US 11,854,255 B2
	Human-object scene recognition method, device and computer-readable storage medium
Chuqiao Dong, Pasadena, CA (US); Dan Shao, San Gabriel, CA (US); Zhen Xiu, Chino Hills, CA (US); Dejun Guo, San Gabriel, CA (US); and Huan Tan, Pasadena, CA (US)
Assigned to UBKANG (QINGDAO) TECHNOLOGY CO., LTD., Qingdao (CN)
Filed by UBKang (Qingdao) Technology Co., Ltd., Qingdao (CN)
Filed on Jul. 27, 2021, as Appl. No. 17/386,531.
Prior Publication US 2023/0030837 A1, Feb. 2, 2023
Int. Cl. G06V 20/10 (2022.01); G06T 7/11 (2017.01); G06T 7/70 (2017.01); G06V 40/10 (2022.01)

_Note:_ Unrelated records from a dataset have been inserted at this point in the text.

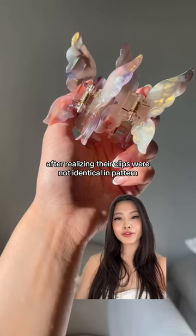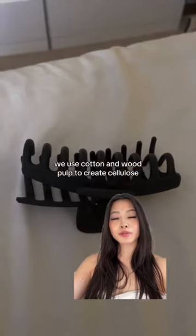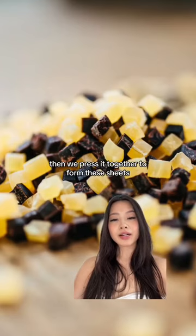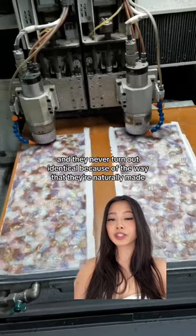Our customer wanted a refund after realizing their clips were not identical in pattern. So unlike traditional plastic clips, we used cotton and wood pulp to create cellulose before we dyed and cut it up into little blocks. Then we pressed it together to form these sheets, and they never turn out identical because of the way that they're naturally made.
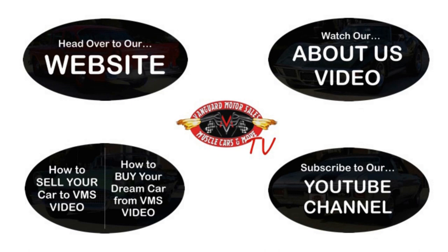We've made it really easy for you — click on any one of these five pictures and it'll take you right to whatever you're interested in. We're going to give you about 30 seconds to click these pictures. If you need more time, just go back in the video and click that picture.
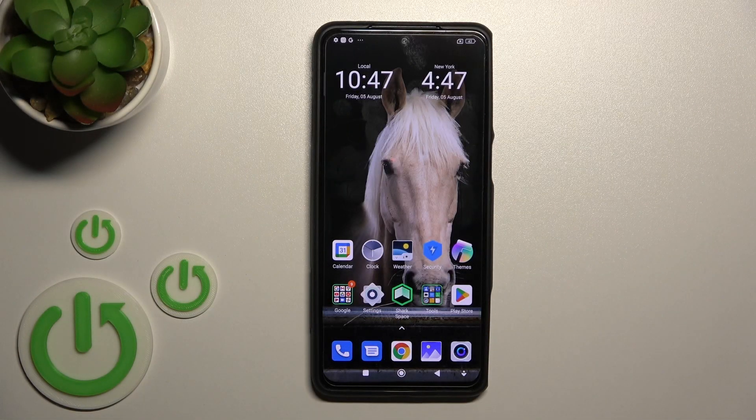Welcome to the Infinity Black Shark 5. I'll show you how to enable and disable NFC on this device.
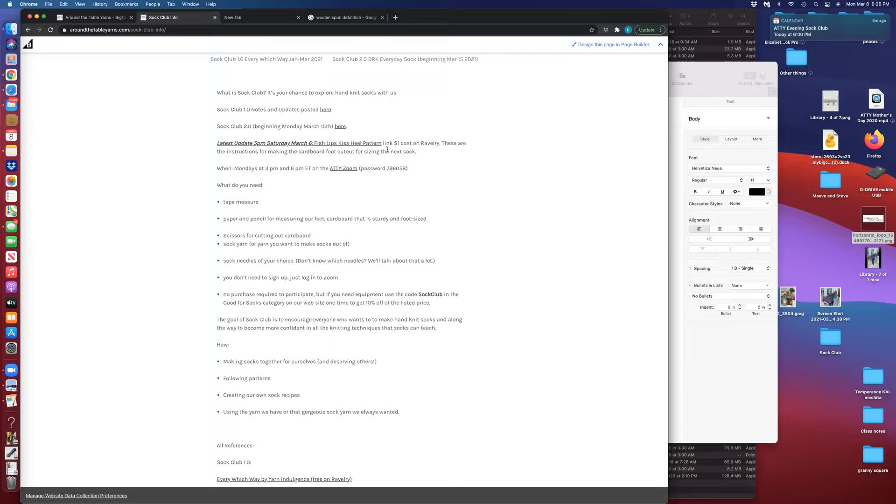The Fish Lips Kiss Heel pattern costs one dollar on Ravelry. It is a very clearly explained document that shows you how to make cardboard cutouts for yourself and all of your family members so that you can have feet wherever you go, so that you don't have to try your socks on by taking off your own shoes — or grabbing, as I do, the foot of a family member and shoving it into the sock I'm working on. It is a for-purchase pattern, but the cost is only one dollar. She makes a good argument that she did lots of research and she'd like a dollar for it.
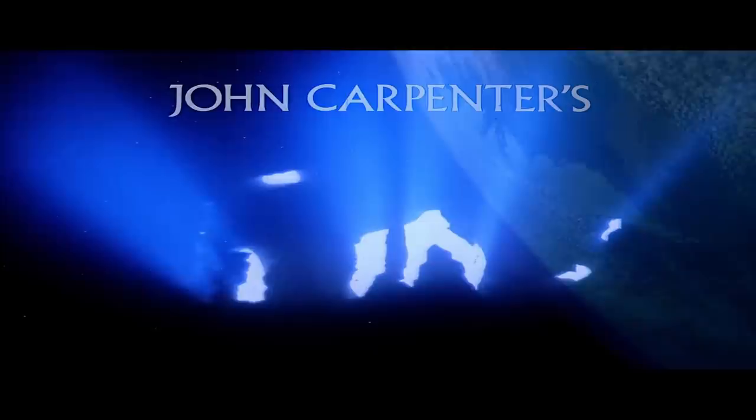Hello humans! This is Tommy at In Camera and today we are going to be recreating the title burn from John Carpenter's The Thing.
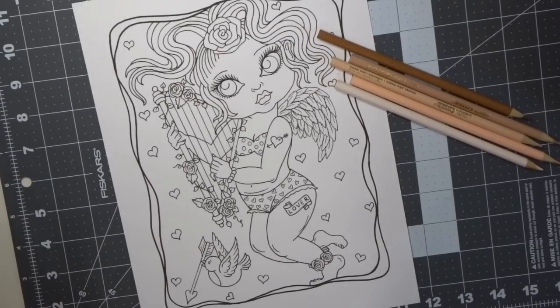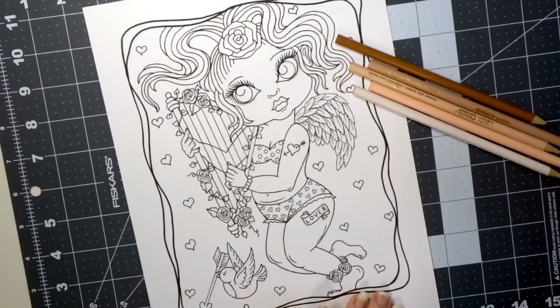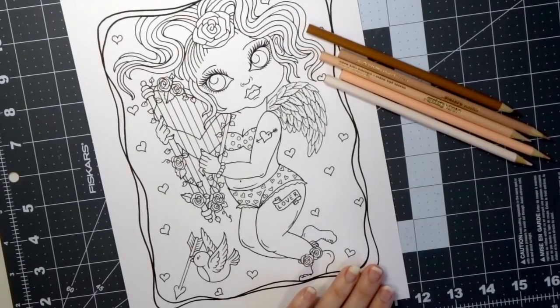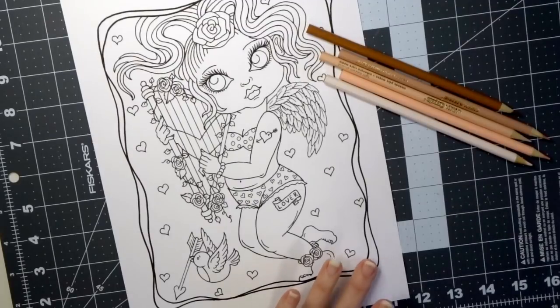The page I'm going to color with you today is from Debra Muller's new book — her new release for Valentine's Day called 'Cupid Cuties.' It's adorable with some really cute images inside. I only have the PDF version right now. Debra was very kind to send me the PDF because she wasn't sure about Amazon shipping time and whether she could get it to me prior to Valentine's Day.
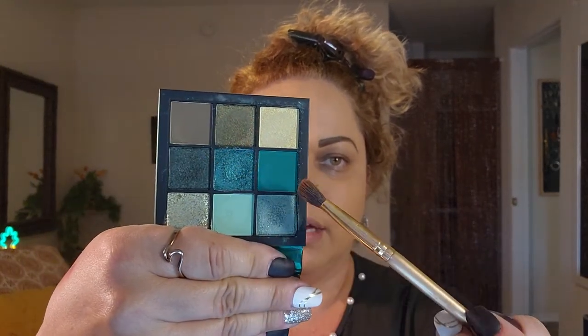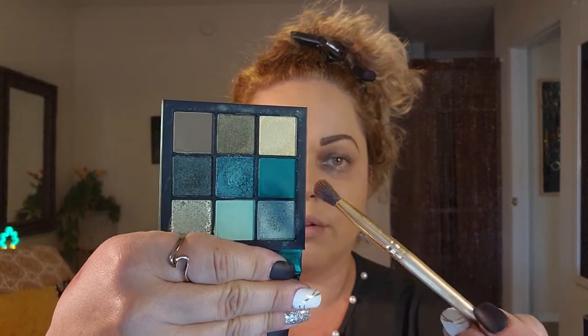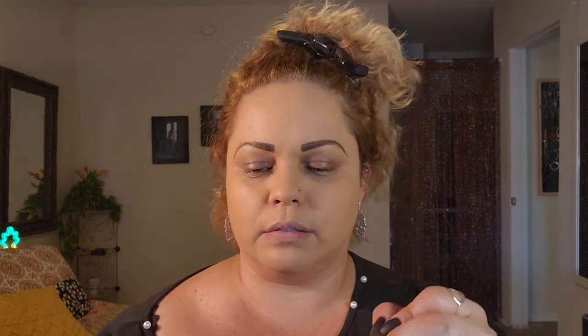Okay, I'm gonna play with this — the Huda Beauty Emerald Obsessions palette. I never do green; we're gonna see where this journey takes us because it could be very interesting. I haven't done a green palette in a very long time. The problem I have with this palette is almost everything is a shimmer, except for three shades: a light base, a really bold base, and a dark one. I'm going in with this pastel green.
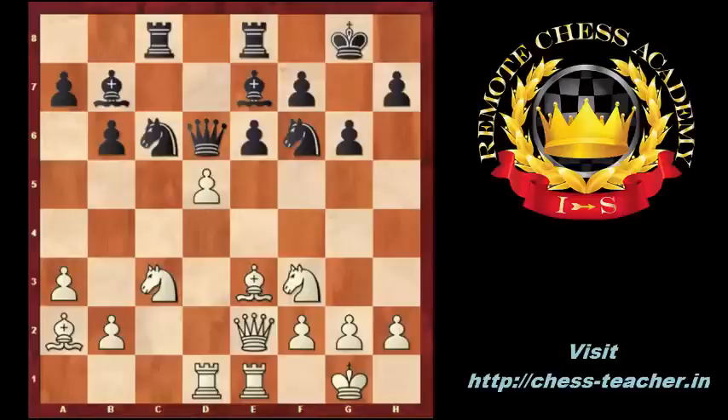Please stop the video now and try to find the best move for white. D4-d5. By this move white eliminates the e6 pawn and opens the diagonal for the bishop and the file for the queen and the rook. Black captured the pawn with his pawn, knight captured on D5, knight captures D5, bishop takes D5.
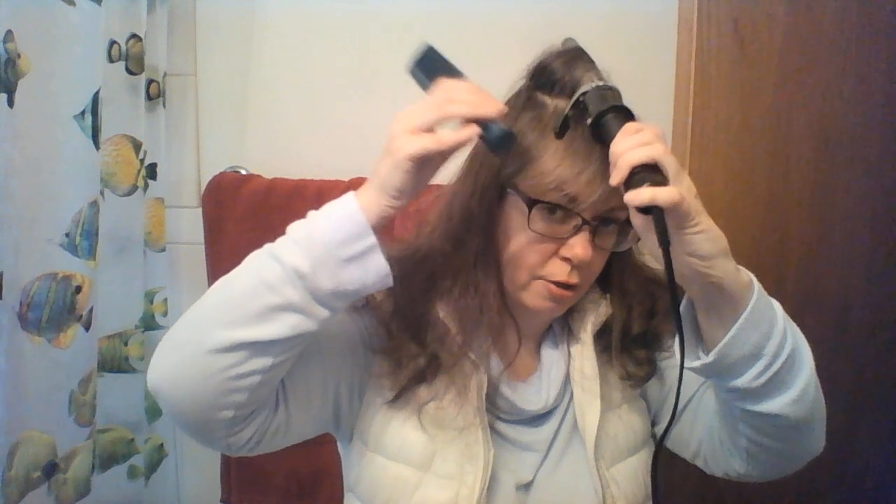I combed it, so my hair doesn't have as much heat — my hair is loose and it's not going to curl at all. You just need to let your hair get hot. It shouldn't take too long.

CPC G06V 20/10 (2022.01) [G06T 7/11 (2017.01); G06T 7/70 (2017.01); G06V 40/10 (2022.01); G06T 2207/10024 (2013.01); G06T 2207/10028 (2013.01); G06T 2207/30196 (2013.01)]

20 Claims

1. A computer-implemented human-object scene recognition method executed by one or more processors, the method comprising:

acquiring an input RGB image and a depth image corresponding to the RGB image;

detecting objects and/or humans in the RGB image using a segmentation classification algorithm based on a sample database;

in response to detection of objects and/or humans, performing a segment detection to each of the detected objects and/or humans based on the RGB image and the depth image, and acquiring a result of the segment detection:

calculating 3D bounding boxes for each of the detected objects and/or humans according to the result of the segment detection; and

determining a position of each of the detected objects and/or humans according to the 3D bounding boxes;

wherein detecting the objects and/or humans in the RGB image using the segmentation classification algorithm based on the sample database comprises:

generating segmentation masks for the objects and/or humans in the RGB image to acquire coordinates of pixels corresponding to each of the objects and/or humans in the RGB image; and

wherein performing the segment detection to each of the detected objects and/or humans based on the RGB image and the depth image comprises:

shrinking contours of objects and/or humans in each seoment of the RGB image and the depth image inwardly using an erode algorithm, to acquire confident segments of the objects and/or humans in each segment of the RGB image and the depth image; and

calculating the 3D bounding boxes corresponding to shrank data using a Convex Hull algorithm to compensate for volume of the objects and/or humans in each segment of the RGB image and the depth image.